Thoughts on Larry Hughes
Posted by disappointmentzone on 20 March 2007
[finals are over, which means more posting in the immediate future]
For a while I have used the statistical measures developed in The Wages of Wins to assess the Cleveland Cavaliers. (1) The most basic of these measures — Win Score — is very easy to calculate. The more robust measure — Win Score –is cumbersome to calculate, which is why I have only provided a couple of WP updates this season.

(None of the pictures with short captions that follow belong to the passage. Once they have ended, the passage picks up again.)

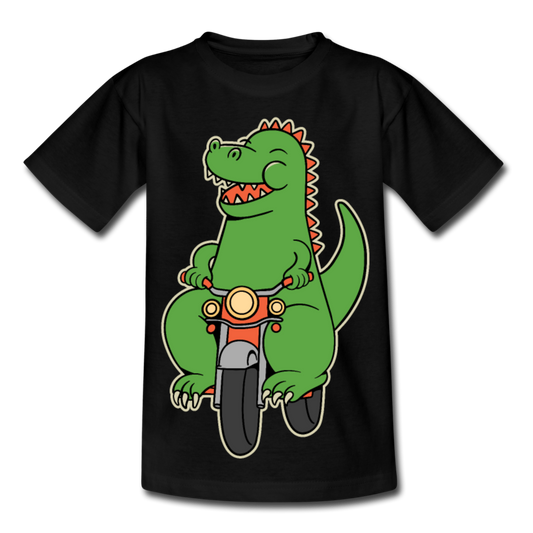 Kinder T-Shirt "Dinosaurier mit Motorrad" - Schwarz
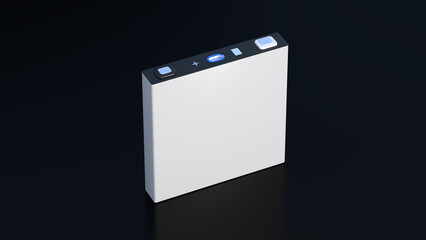 white prismatic cell, rectangular lithium ion phosphate LFP battery for modern electric vehicles and energy storage, 3d rendering - obrazy, fototapety, plakaty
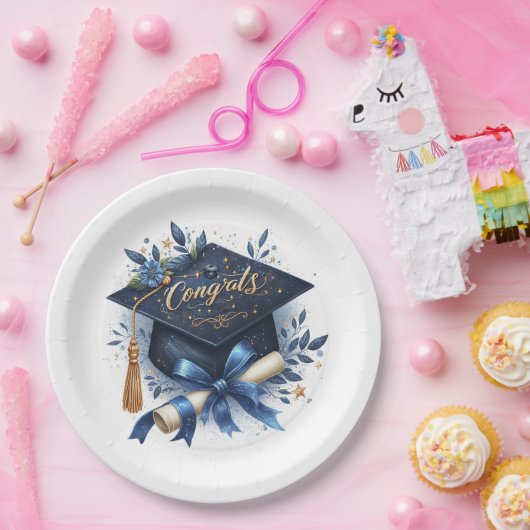 卒業キャップと卒業証書 ペーパープレート (パーティー)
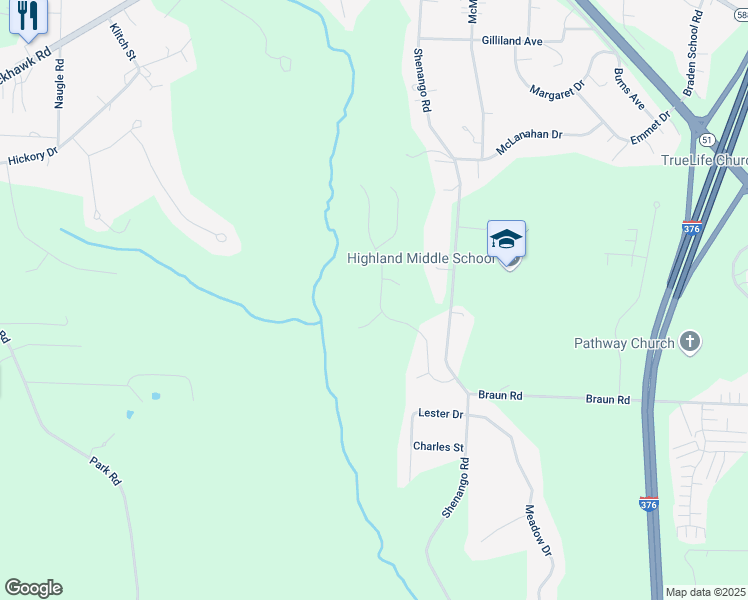 map of restaurants, bars, coffee shops, grocery stores, and more near 129 Chestnut Ridge Drive in Beaver Falls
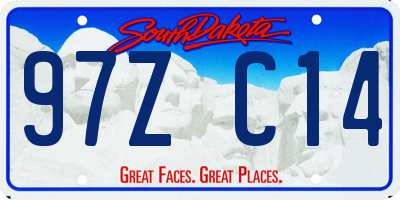 SD license plate 97ZC14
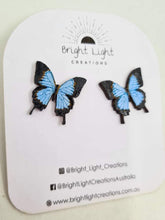 Load image into Gallery viewer, Mountain Blue Butterfly Stud Earrings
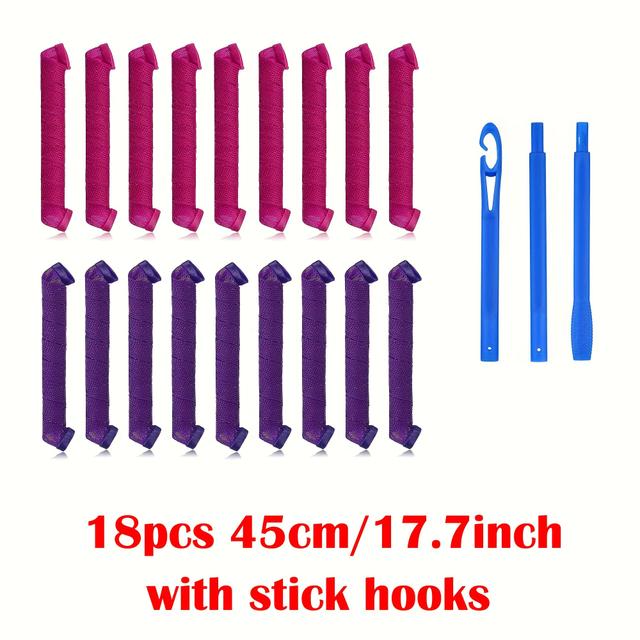 TEMU /45/55/65cm 18pcs Magic Hair Curlers Hair Rollers, Portable Heatless Spiral Hair Curler Rollers, Diy Hair Accessories Tools Kit With Styling Hooks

Each time I have sat down to calculate Wins Produced over the last few months I have wondered if it were possible for someone to devise a program that would automatically generate the calculations necessary for Wins Produced. Apparently devising such a program is possible, and now there is a database. The database includes traditional box score statistics with WoW statistics and is updated automatically. For the moment, the stats that follow in this post have been culled from this database. That’s a good news (and it’s pretty freaking great, to be honest). Of course, there’s some bad news (just a little though). The problem with the Wins Produced stats from this database are that they aren’t as accurate as they could be. To calculate WP one has to assign the minutes each player plays to a particular position. Since some players play multiple positions — and since WP assumes that all positions are always represented on the court — allocating minutes is more an art than a science and really works best when the person allocating the minutes is familiar with the team. The statistics in the database are not super refined because the players’ minutes have all been allocated based on just one position, which lessens the accuracy of the WP by a small margin. So that’s the bad news, but it’s just a minor spot in an otherwise remarkable service.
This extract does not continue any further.